§ **What to work on**:
The answer consists of the lines from the line holding "Color code: RGB 167 160 163 | qconv.com" through the last line of the entries, retyped exactly, and nothing else. No pictures belong in it.

[Provided data — start]

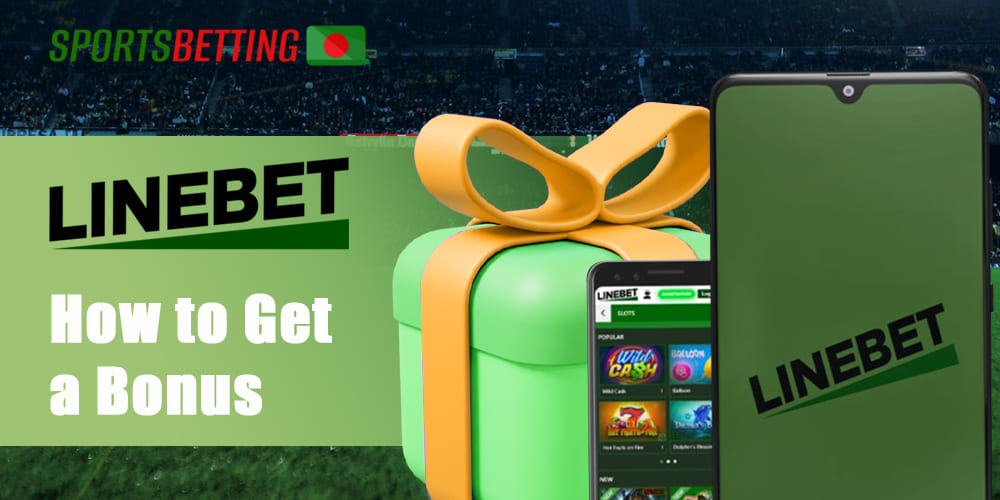 Step by step instructions on how to get and activate your bonuses from bookmaker Linebet 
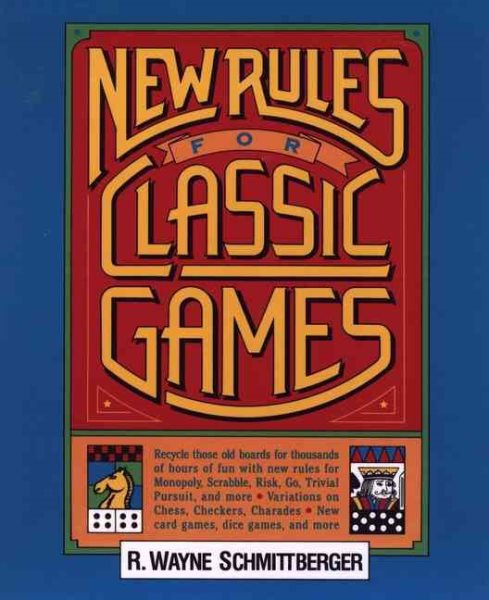 New Rules for Classic Games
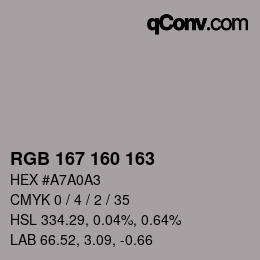 Color code: RGB 167 160 163 | qconv.com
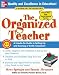 The Organized Teacher: A Hands-On Guide to Setting Up and Running a Terrific Classroom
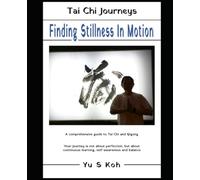 Tai Chi Journeys: Finding Stillness in Motion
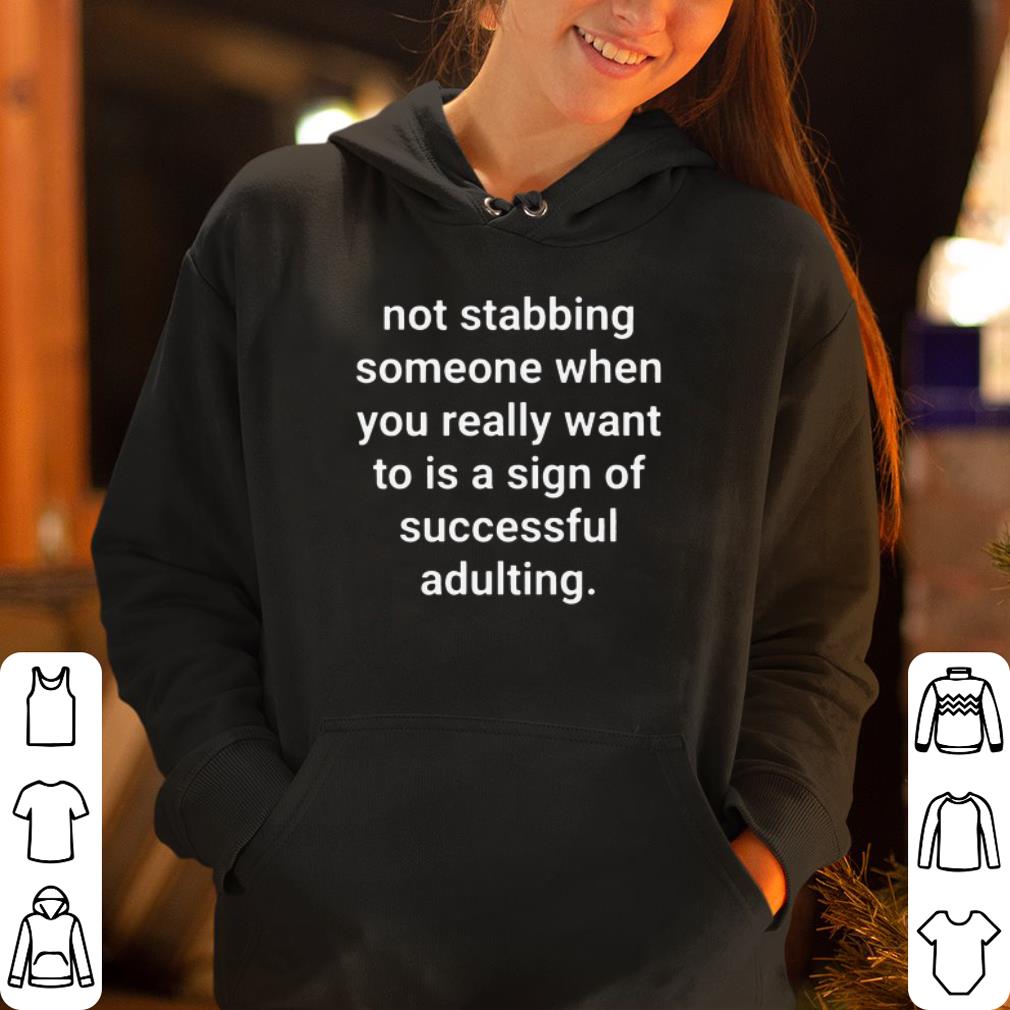 Not Stabbing Someone Really Want Sign Successful Adulting shirt 4 - Not Stabbing Someone Really Want Sign Successful Adulting shirt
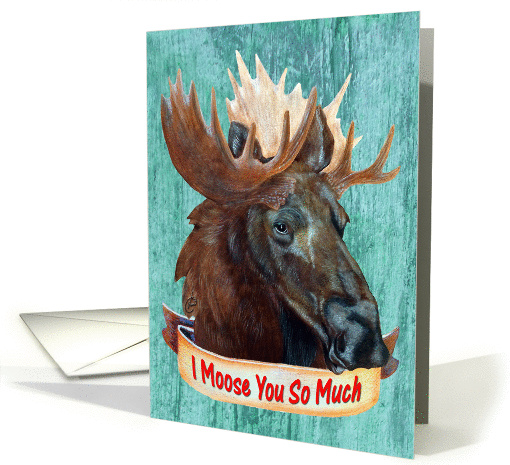 I Moose You So Much - Friendship card (70737)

[Provided data — finish]

§ **Answer**:
 Color code: RGB 167 160 163 | qconv.com
 The Organized Teacher: A Hands-On Guide to Setting Up and Running a Terrific Classroom
 Tai Chi Journeys: Finding Stillness in Motion
 Not Stabbing Someone Really Want Sign Successful Adulting shirt 4 - Not Stabbing Someone Really Want Sign Successful Adulting shirt
 I Moose You So Much - Friendship card (70737)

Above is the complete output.